Tiga langkah menuju pintu ingatan tentang sore itu menerobos keluar dari kepalaku dan mendadak terputar didepan pintu, seperti menyaksikan film dokumenter yang telah begitu tua. Duh kalau saja kau lihat saat bocah itu menangis dan meminta untuk tetap tinggal, dan tentang rumah bercat biru yang mengurungnya seperti tawanan, boneka pandanya yang kian kumal tak hanya oleh penantian tapi oleh aimata dan kekecawaan. semua itu menusuk ulu hatiku, dan membuatku tak berani mnyentuh
gagang pintu. lama aku mematung di sana, bergeming saat mama mengusik kediamanku sampai terasa lumpuh sekujur tubuhku dan aku menyerah.
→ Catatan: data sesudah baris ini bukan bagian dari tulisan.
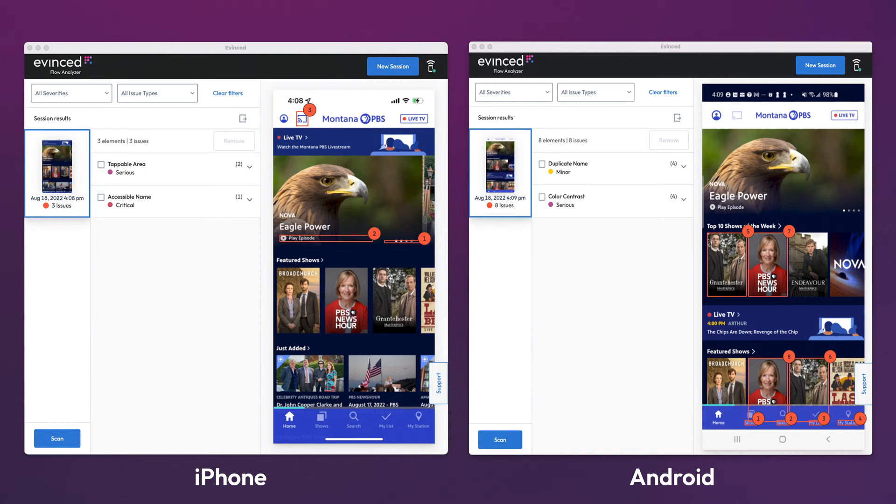Of course, if your Android team wants to see just the Android issues, that's easy to do too. We think mobile is a hugely important area, and frankly, we think there hasn't been enough innovation in the space. To our knowledge, we're the only truly cross-platform tool out there. And this is just the start. Mobile is a huge commitment for us. If you've got a mobile accessibility headache, the doctor is in.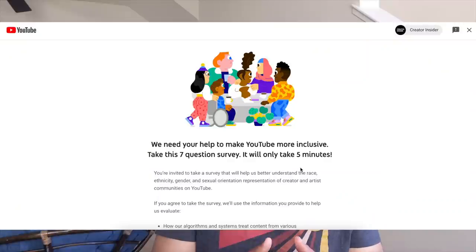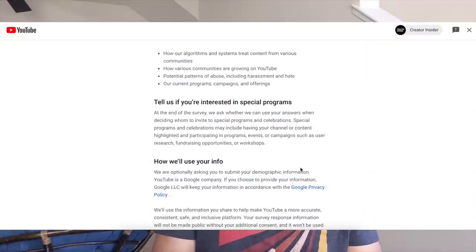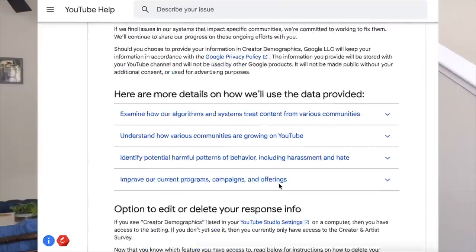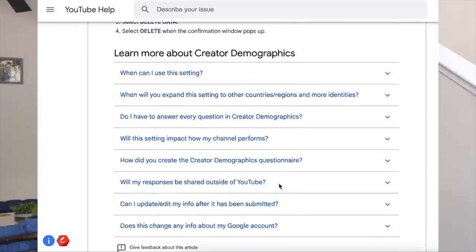Moving on to our next update about creator demographics in Studio. Earlier this year, we began a new effort to help us proactively identify gaps in our systems that might impact a creator's opportunity to reach their full potential. We did this by launching a voluntary survey where creators can provide us with their gender identity, sexual orientation, race, and ethnicity. We want to ensure our systems do not reflect unintentional bias and make sure we provide equal opportunities to any creator and artist community.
tak pernah bisa melewati batas itu, tak pernah benar menemui lelaki itu dan yang tersisa dari semua hanya senyum bahagia dari suara yang masih sering muncul dikepalaku...
"haya aku yang benar mengenalmu, kau tahu itu bukan."
kata-kata terakhir yang kudengar sebelum segalanya mulai berputar.


13.09
19.3.10
ngikutin saran someone, menulis dikejar billing... asyik juga ternyata.